兄貴と会話が噛み合わないことなど極普通のことなので、気にしないことにした。
俺が気にしたのは、別のこと。
「そういや夕飯やら風呂やら言ってたけど、何で兄貴がやってんだ?今日母さん居ない日?」
俺がそう問い掛けると、こくんと頷いた。
「父さんも母さんも一週間家を空けるって、メールで来た」
「あ、そう」
あの両親もかなりいい加減だな。
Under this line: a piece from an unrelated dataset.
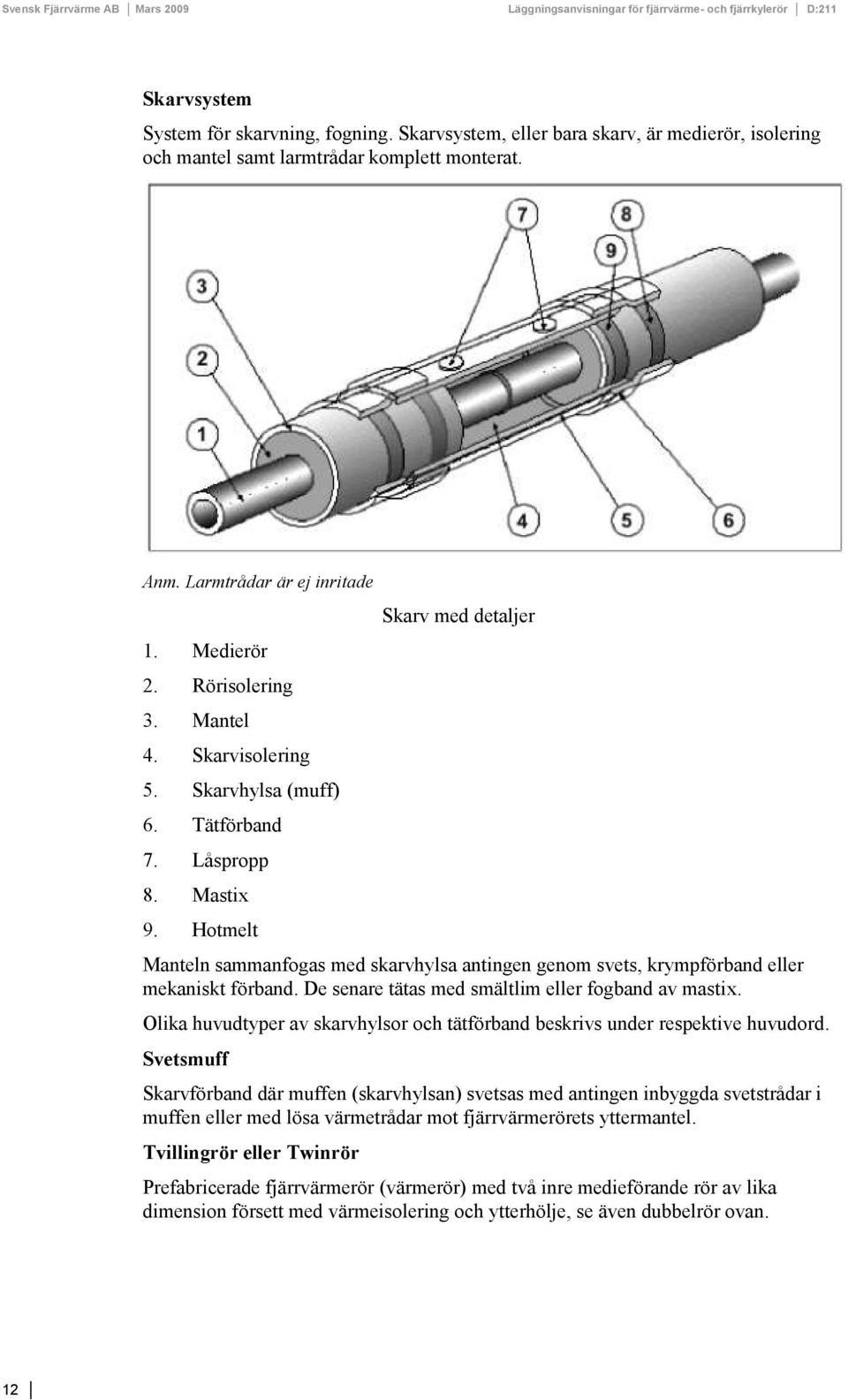 Hotmelt Skarv med detaljer Manteln sammanfogas med skarvhylsa antingen genom svets, krympförband eller mekaniskt förband. De senare tätas med smältlim eller fogband av mastix.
そんな連絡事項をメールで伝えるなんて。
少し呆れたが、よくあることなので頭の片隅に追いやった。
ちなみに、両親が家を空けることもよくあることだ。
そんな時、決まって兄貴が家事をする。
よって、今日も夕飯や風呂などを用意してくれたらしい。
兄貴も大変だな…。
ふと、そう思った。
両親が居ない日は、絶対に俺より早く帰って来て家事をしてくれる兄貴。
誰も兄貴に頼んだわけじゃないのに、いつの間にかそれが当たり前になっていた。
それはきっと、陸上部の俺を考慮してくれているからかもしれない。
兄貴はいつだって俺を優先してくれる。
──自分の都合だってあるだろうに…。
そうは思うものの、兄貴の好意や優しさに、ついつい甘えてしまうのだ。
俺だって、何か兄貴に返してあげたいとは思うのだけれど…。